## Requirement
Return the stretch from the line with "Chessgame.Gov J H Cathray 9780595142309" through the line with "Famous Interpersonal People" in the data below, character for character, skipping all pictures.

Task material Start Marker

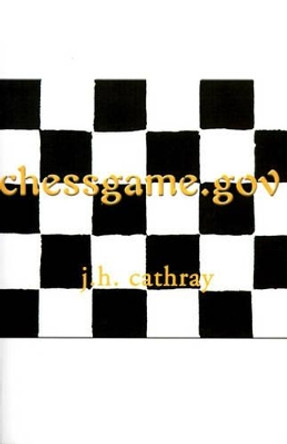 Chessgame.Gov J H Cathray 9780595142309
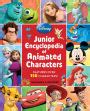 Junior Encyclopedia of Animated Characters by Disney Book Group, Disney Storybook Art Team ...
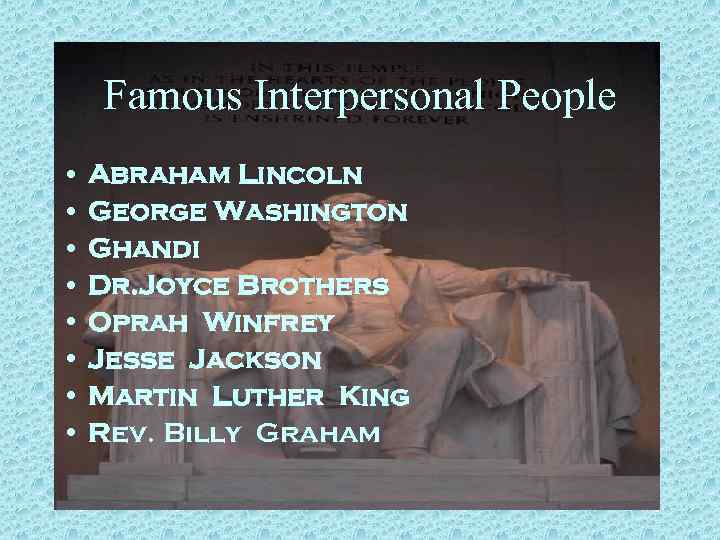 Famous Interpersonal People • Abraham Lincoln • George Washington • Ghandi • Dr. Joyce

Task material End Marker
Task material Start Marker

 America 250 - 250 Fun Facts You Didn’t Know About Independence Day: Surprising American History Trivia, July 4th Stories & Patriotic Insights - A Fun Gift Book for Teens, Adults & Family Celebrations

Task material End Marker
Task material Start Marker

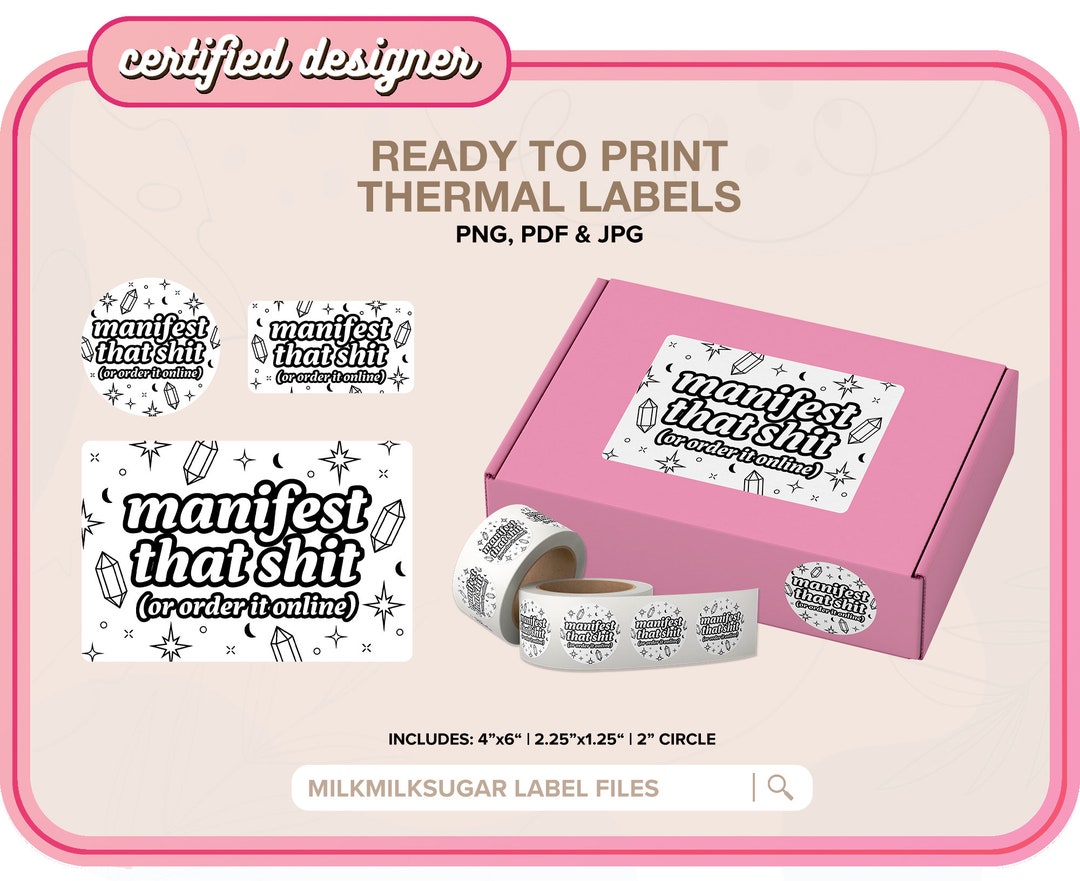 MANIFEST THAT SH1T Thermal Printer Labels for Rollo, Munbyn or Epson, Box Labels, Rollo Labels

Task material End Marker

## Solution to this exercise
 Chessgame.Gov J H Cathray 9780595142309
 Junior Encyclopedia of Animated Characters by Disney Book Group, Disney Storybook Art Team ...
 Famous Interpersonal People • Abraham Lincoln • George Washington • Ghandi • Dr. Joyce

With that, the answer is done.